Secondo il Report WWF i principali flussi di traffico illegale di specie protette coinvolgono la direttrice Italia/Stati Uniti. Oggetto di questi traffici sono nella maggior parte dei casi i rettili. Gli uccelli sono le specie più minacciate in Italia dai criminali di natura, in particolare i passeriformi come i cardellini (illegalmente commercializzati per fini ornamentali) o i fringuelli, i pettirossi e altri piccoli uccelli, destinati al mercato illecito della ristorazione, e i rapaci spesso vittime di spari o avvelenamenti. Questo accade anche a causa delle sanzioni irrisorie previste rispetto ai guadagni illeciti generati da questi traffici. Tra i grandi carnivori al primo posto i lupi, considerati “specie problematiche” o “nocive” e spesso uccisi per odio atavico.

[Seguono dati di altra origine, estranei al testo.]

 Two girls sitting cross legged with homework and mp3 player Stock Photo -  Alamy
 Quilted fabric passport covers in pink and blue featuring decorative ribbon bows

«Per quanto cinque anni fa sia stato adottato un apposito Piano di azione Nazionale di contrasto al Bracconaggio, ancora oggi esso risulta inattuato nei suoi obiettivi principali, in particolare nella creazione di un sistema di monitoraggio del fenomeno, nel rafforzamento della cooperazione e della formazione dei vari soggetti preposti al contrasto di questi reati – prosegue il Wwf - La creazione di banche dati aggiornate e dettagliate, l’implementazione della vigilanza e l’adeguamento degli strumenti sanzionatori, rimangono infatti attività ad oggi ancora non efficacemente espletate».